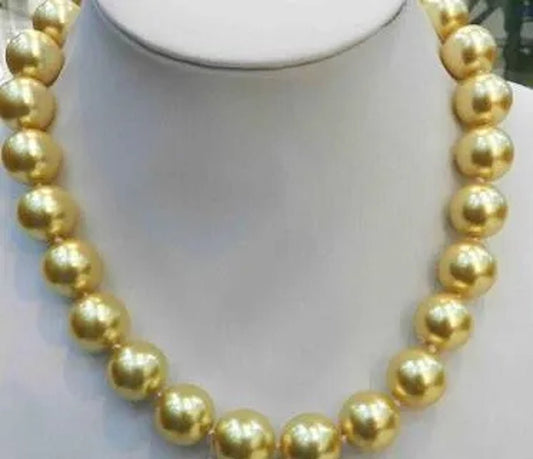 16mm Golden South Sea Shell Pearl Necklace 18" - WORLD TIME VISITS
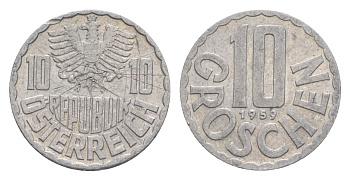 Австрия 10 грошей 1959 KM 2878 алюминий 4632-536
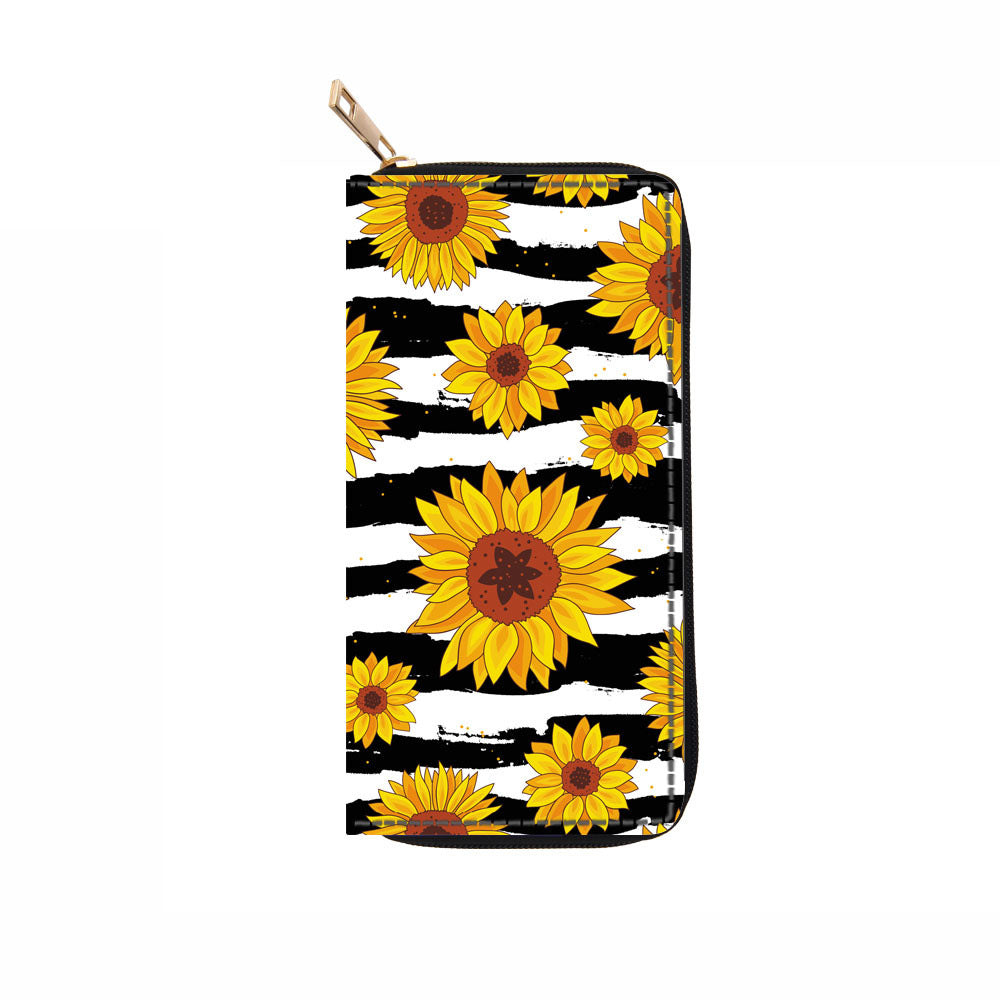 Wholesale Sunflower Long PU Zipper Printed Wallet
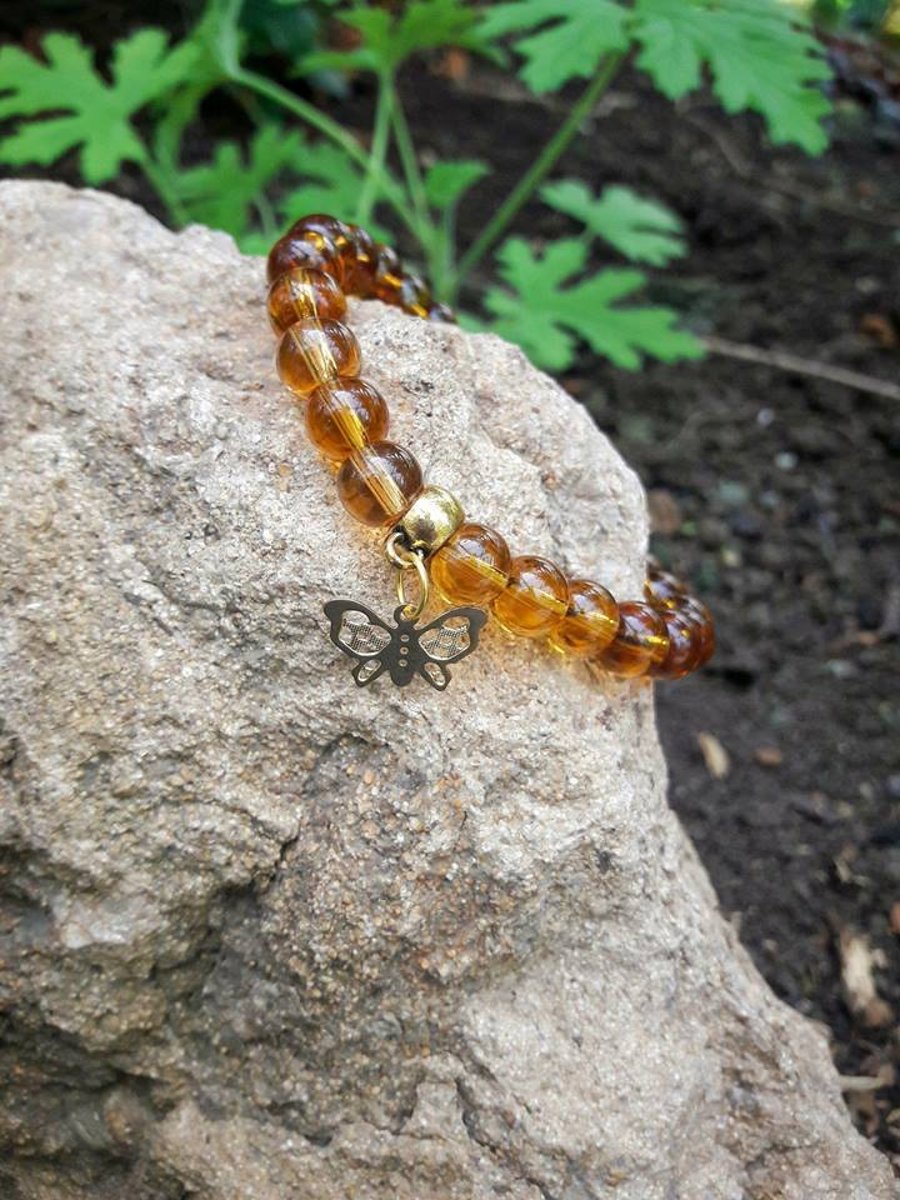 HALF PRICE SALE - Amber Glass Beaded Stretch Bracelet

§ INSTRUCTIONS FOR THE TASK
Output the material above verbatim but exclude each picture.

§ REPLY
 16mm Golden South Sea Shell Pearl Necklace 18" - WORLD TIME VISITS
 Австрия 10 грошей 1959 KM 2878 алюминий 4632-536
 Wholesale Sunflower Long PU Zipper Printed Wallet
 HALF PRICE SALE - Amber Glass Beaded Stretch Bracelet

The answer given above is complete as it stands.